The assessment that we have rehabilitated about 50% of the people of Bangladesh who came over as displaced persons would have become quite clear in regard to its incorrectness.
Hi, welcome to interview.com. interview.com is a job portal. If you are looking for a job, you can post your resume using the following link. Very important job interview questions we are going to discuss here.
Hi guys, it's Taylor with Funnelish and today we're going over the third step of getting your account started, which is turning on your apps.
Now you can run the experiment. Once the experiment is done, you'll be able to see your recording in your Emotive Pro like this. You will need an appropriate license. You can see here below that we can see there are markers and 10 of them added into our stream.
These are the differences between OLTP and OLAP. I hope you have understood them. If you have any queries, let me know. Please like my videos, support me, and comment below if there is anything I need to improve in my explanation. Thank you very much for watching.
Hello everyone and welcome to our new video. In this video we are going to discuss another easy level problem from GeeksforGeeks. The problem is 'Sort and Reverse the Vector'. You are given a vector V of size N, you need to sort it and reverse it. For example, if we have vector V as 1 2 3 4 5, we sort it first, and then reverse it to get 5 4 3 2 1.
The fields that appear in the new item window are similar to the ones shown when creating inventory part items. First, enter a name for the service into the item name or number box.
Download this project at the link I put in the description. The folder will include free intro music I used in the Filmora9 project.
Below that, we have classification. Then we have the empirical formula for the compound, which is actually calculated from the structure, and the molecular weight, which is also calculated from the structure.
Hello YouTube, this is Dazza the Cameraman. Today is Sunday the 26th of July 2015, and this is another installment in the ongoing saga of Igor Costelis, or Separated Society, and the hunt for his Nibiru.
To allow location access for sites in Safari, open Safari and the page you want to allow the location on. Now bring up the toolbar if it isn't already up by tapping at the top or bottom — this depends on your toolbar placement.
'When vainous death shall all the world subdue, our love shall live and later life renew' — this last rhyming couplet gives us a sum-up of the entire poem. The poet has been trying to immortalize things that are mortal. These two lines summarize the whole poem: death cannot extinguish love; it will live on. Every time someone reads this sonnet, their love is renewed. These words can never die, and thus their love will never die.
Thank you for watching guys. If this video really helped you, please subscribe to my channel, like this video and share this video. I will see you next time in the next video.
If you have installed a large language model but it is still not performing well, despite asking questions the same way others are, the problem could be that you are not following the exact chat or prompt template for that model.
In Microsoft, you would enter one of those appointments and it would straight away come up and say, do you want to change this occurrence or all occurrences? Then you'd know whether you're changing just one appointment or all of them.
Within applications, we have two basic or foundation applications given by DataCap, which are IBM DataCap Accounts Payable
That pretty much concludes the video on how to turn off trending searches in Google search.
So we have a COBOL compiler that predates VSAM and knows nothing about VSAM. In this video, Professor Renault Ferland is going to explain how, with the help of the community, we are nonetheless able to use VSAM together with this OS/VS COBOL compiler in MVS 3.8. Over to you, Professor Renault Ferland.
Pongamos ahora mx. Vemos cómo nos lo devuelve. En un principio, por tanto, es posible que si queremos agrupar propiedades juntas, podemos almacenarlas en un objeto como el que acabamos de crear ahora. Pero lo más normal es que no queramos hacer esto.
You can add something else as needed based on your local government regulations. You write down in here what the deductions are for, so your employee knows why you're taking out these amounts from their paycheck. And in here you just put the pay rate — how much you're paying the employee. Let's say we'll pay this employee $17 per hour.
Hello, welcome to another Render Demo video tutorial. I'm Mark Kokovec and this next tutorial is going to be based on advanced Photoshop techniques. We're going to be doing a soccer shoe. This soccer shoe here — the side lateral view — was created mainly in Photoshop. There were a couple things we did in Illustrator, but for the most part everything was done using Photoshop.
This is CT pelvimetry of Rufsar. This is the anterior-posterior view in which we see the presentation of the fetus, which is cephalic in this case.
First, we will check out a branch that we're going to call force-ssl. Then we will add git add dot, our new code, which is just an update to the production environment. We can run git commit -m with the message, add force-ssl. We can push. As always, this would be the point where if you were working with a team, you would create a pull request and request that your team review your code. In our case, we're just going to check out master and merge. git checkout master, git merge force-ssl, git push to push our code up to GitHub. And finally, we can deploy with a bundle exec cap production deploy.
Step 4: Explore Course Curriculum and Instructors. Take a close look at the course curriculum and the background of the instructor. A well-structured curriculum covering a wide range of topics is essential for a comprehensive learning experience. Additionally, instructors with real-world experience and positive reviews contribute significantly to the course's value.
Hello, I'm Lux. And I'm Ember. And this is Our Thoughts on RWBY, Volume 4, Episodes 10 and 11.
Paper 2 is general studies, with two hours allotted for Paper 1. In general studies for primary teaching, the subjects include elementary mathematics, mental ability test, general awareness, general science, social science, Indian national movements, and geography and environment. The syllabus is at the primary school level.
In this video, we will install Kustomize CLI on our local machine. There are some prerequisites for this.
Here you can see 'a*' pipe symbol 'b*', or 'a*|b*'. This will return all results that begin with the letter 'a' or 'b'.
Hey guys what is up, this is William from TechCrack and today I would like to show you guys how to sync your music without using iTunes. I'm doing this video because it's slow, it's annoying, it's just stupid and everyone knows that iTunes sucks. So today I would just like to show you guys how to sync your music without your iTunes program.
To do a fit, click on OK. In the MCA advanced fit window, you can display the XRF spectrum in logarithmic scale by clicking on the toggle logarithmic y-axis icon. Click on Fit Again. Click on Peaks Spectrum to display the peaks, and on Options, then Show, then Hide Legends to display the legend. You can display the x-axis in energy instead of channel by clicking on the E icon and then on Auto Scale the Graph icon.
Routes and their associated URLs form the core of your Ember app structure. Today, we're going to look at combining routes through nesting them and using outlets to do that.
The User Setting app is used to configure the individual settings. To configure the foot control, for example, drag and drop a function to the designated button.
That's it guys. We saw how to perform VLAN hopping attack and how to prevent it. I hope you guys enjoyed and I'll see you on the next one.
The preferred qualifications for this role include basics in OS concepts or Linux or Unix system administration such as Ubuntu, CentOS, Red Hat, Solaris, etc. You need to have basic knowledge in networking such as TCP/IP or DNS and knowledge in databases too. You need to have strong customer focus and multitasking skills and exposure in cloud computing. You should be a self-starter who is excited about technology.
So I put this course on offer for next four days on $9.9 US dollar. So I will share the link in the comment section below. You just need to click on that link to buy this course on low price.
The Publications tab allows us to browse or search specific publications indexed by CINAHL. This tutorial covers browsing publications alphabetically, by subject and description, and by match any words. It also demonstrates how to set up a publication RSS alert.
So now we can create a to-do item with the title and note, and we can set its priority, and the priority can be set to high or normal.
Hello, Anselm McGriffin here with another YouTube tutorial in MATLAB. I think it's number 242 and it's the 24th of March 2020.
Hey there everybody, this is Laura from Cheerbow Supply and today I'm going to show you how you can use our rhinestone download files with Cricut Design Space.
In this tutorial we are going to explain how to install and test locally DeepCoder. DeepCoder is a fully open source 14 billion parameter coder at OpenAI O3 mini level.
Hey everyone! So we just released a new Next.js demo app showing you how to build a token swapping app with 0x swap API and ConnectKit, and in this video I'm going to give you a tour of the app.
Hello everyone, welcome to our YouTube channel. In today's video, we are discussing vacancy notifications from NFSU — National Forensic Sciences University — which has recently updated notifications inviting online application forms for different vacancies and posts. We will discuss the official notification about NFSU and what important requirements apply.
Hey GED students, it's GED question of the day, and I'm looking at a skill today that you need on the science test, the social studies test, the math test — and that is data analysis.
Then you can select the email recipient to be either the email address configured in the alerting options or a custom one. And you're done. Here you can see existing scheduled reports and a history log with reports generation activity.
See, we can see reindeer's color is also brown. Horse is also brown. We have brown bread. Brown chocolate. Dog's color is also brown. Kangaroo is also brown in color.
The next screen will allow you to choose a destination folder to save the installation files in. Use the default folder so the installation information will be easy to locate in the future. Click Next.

[INSTRUCTIONS TO FOLLOW] Take from the listing every line in which the word "social" appears.

[RESULT BELOW]
Paper 2 is general studies, with two hours allotted for Paper 1. In general studies for primary teaching, the subjects include elementary mathematics, mental ability test, general awareness, general science, social science, Indian national movements, and geography and environment. The syllabus is at the primary school level.
Hey GED students, it's GED question of the day, and I'm looking at a skill today that you need on the science test, the social studies test, the math test — and that is data analysis.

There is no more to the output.